Mas o ministro das Infra-Estruturas por nomeação do primeiro-ministro não consegue esconder a impreparação e a superficialidade técnicas para assumir uma pasta tão importante para o progresso e desenvolvimento da nação. Os dossiers parecem lidos na diagonal, os resumos executivos dominam o discurso político, o tempo parece ser pouco e curto. Falta sobretudo peso político, visão profunda das opções políticas, falta uma perspectiva complementar e integrada de uma ideia para um país em que os transportes e os equipamentos estão ao serviço de um Portugal europeu e desenvolvido. Sobra pose e vaidade onde falta competência e densidade política.
E o ministro que responde sempre com a frontalidade dos puros – a vontade do Governo não será ofuscada por reticências burocráticas, nem por legalismos puritanos, nem pela mesquinhez de uma oposição excluída da governação por vontade livre e popular. Não, o Ministro não se demite. Não, o poder não é uma droga. O poder é apenas o oxigénio dos heróis.

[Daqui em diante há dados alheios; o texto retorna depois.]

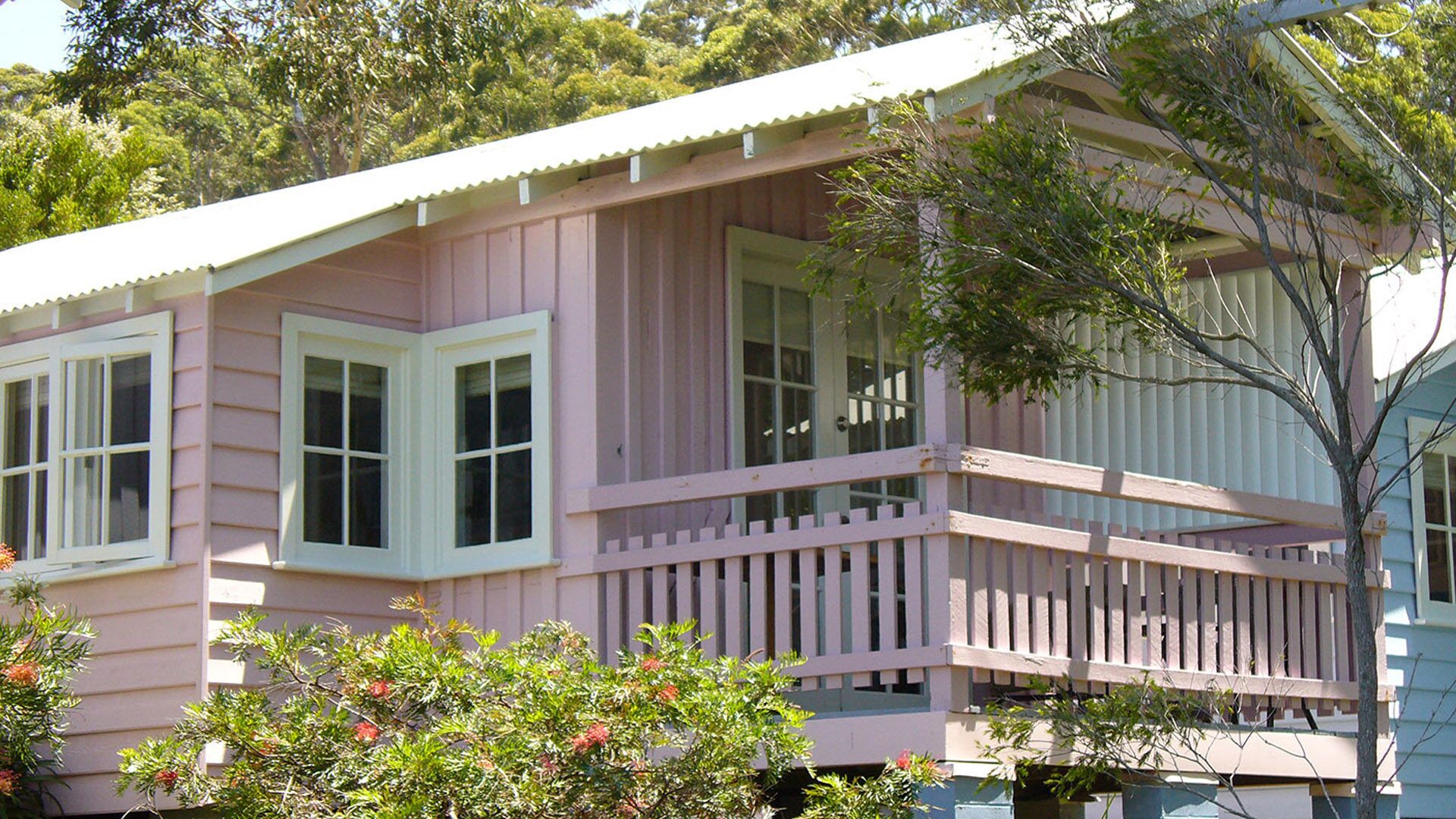 A pink house with a balcony and a porch.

Há um outro aspecto neste Governo que fica bem patente com a descontracção do primeiro-ministro nos Coldplay e com a leviandade do ministro das Infra-Estruturas na Comissão de Inquérito. O Governo socialista não consegue controlar as causas da governação, por isso acaba por ser governado pelas consequências da ausência de governação.
Mas mais ainda, o Governo num elenco estapafúrdio, míope, minimalista, está formatado para ser a prova de selecção para o próximo Secretário-Geral socialista. Veja-se que todos os problemas políticos envolvem presumíveis herdeiros, observe-se que os Ministérios dessas personagens se anulam mutuamente, diga-se que o PS instrumentaliza o Governo para seu benefício próprio. A luta pela sucessão no PS está a paralisar o Governo que tem um país como refém.
Este Governo é de uma vulgaridade pública que sempre foi privada. É o vandalismo político, é a ambição sem talento, é o insulto sem razão. Este Governo não tem um sonho ou hipótese de futuro. Este Governo é um estilhaço sem esperança.